If the aim is to find the "the largest possible break up for the input" as you replied, then the algorithm could be fairly straightforward if you use some graph theory. You take the compound word and make a graph with a vertex before and after every letter. You'll have a vertex for each index in the string and one past the end. Next you find all legal words in your dictionary that are substrings of the compound word. Then, for each legal substring, add an edge with weight 1 to the graph connecting the vertex before the first letter in the substring with the vertex after the last letter in the substring. Finally, use a shortest path algorithm to find the path with fewest edges between the first and the last vertex.

The pseudo code is something like this:

parseWords(compoundWord)
    # Make the graph
    graph = makeGraph()
    N = compoundWord.length
    for index = 0 to N
        graph.addVertex(i)

    # Add the edges for each word
    for index = 0 to N - 1
        for length = 1 to min(N - index, MAX_WORD_LENGTH)
            potentialWord = compoundWord.substr(index, length)
            if dictionary.isElement(potentialWord)
                graph.addEdge(index, index + length, 1)

    # Now find a list of edges which define the shortest path
    edges = graph.shortestPath(0, N)

    # Change these edges back into words.
    result = makeList()
    for e in edges
        result.add(compoundWord.substr(e.start, e.stop - e.start + 1))
    return result

I, obviously, haven't tested this pseudo-code, and there may be some off-by-one indexing errors, and there isn't any bug-checking, but the basic idea is there. I did something similar to this in school and it worked pretty well. The edge creation loops are O(M * N), where N is the length of the compound word, and M is the maximum word length in your dictionary or N (whichever is smaller). The shortest path algorithm's runtime will depend on which algorithm you pick. Dijkstra's comes most readily to mind. I think its runtime is O(N^2 * log(N)), since the max edges possible is N^2.

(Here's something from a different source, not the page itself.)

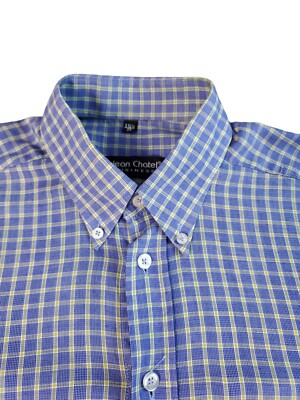 Jean Chatel Shirt Men 15.5/39 Blue Green Check Short Sleeve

You can use any shortest path algorithm. There are several shortest path algorithms which have their various strengths and weaknesses, but I'm guessing that for your case the difference will not be too significant. If, instead of trying to find the fewest possible words to break up the compound, you wanted to find the most possible, then you give the edges negative weights and try to find the shortest path with an algorithm that allows negative weights.

A. Levy
A: 

This can be a very difficult problem and there is no simple general solution (there may be heuristics that work for small subsets).

We face exactly this problem in chemistry where names are composed by concatenation of morphemes. An example is:

ethylmethylketone

where the morphemes are:

ethyl methyl and ketone

We tackle this through automata and maximum entropy and the code is available on Sourceforge

http://www.sf.net/projects/oscar3-chem

but be warned that it will take some work.

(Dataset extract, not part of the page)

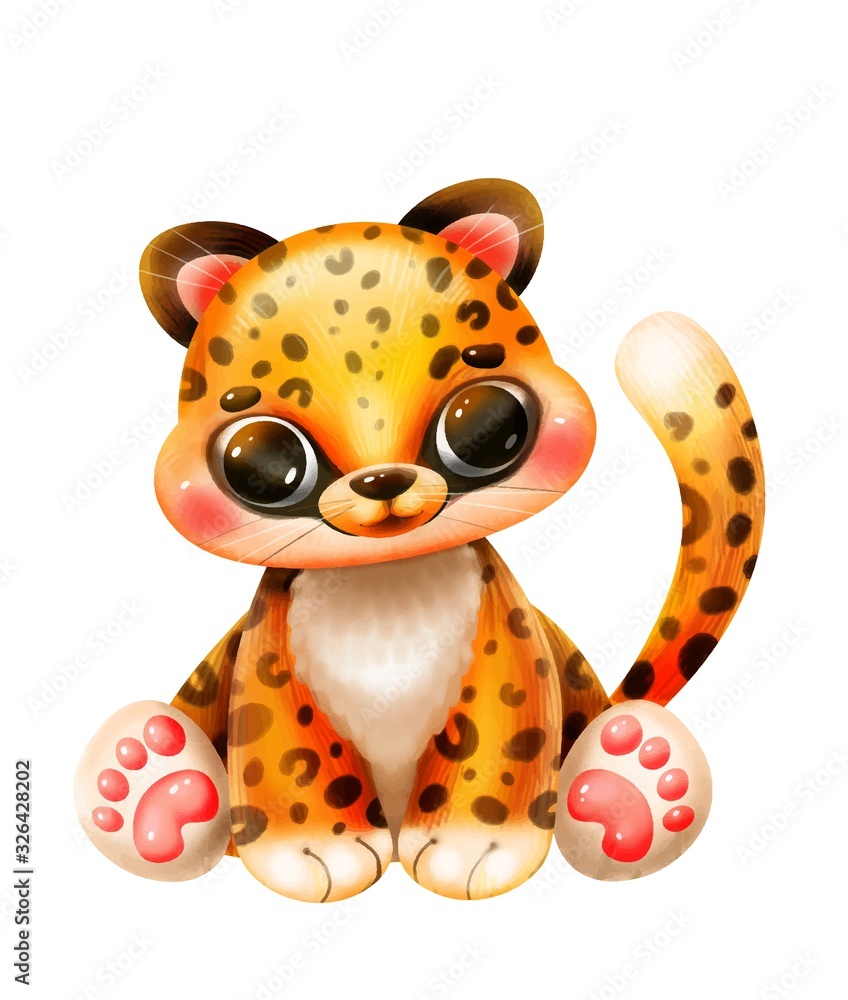 Cute cartoon jaguar on a white background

We sometimes encounter ambiguity and are still finding a good way of reporting it.

To distinguish between penIsland and penisLand would require domain-specific heuristics. The likely interpretation will depend on the corpus being used - no linguistic problem is independent from the domain or domains being analysed.

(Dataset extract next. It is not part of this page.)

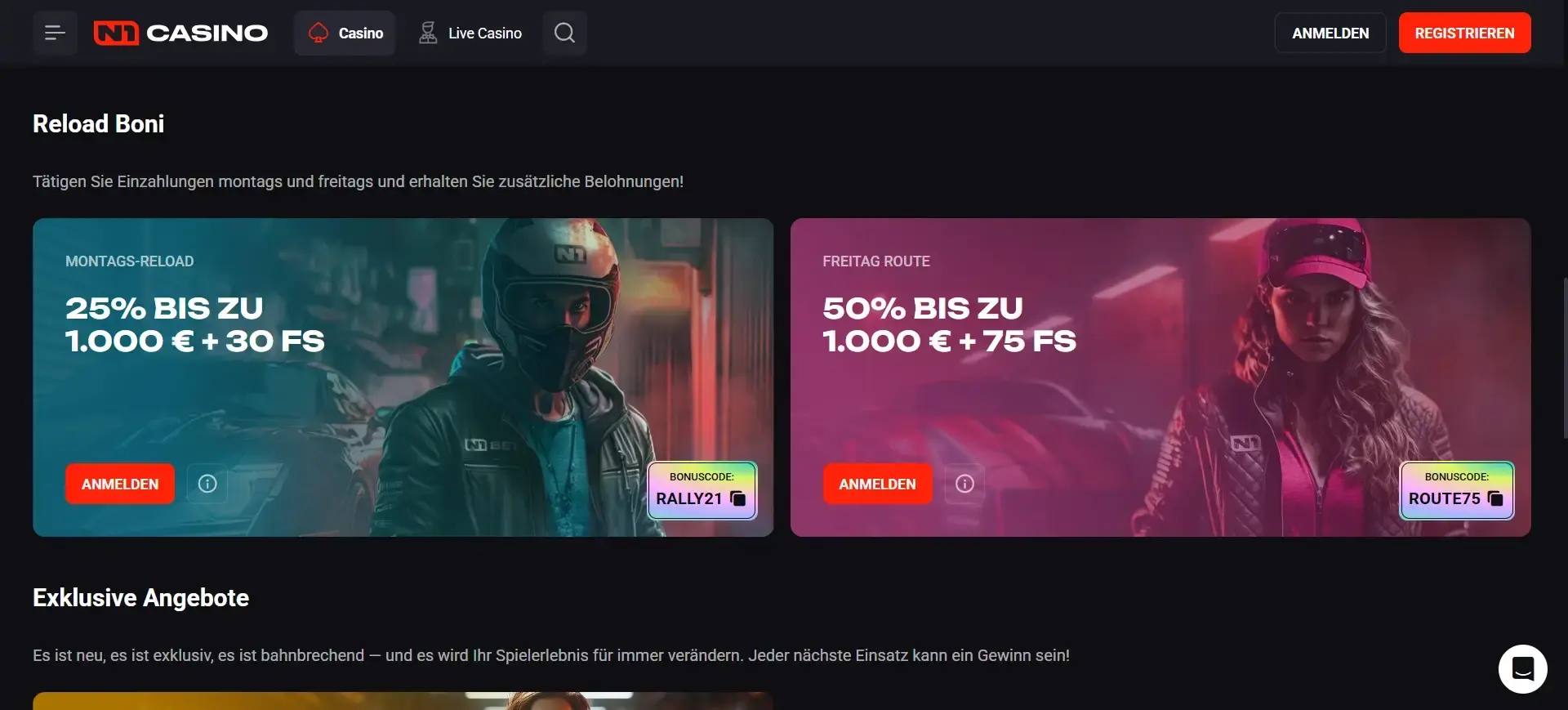 N1 Casino Bestandskunden Boni mit Bonuscode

As another example the string

weeknight

can be parsed as

wee knight

or

week night

Both are "right" in that they obey the form "adj-noun" or "noun-noun". Both make "sense" and which is chosen will depend on the domain of usage. In a fantasy game the first is more probable and in commerce the latter. If you have problems of this sort then it will be useful to have a corpus of agreed usage which has been annotated by experts (technically a "Gold Standard" in Natural Language Processing).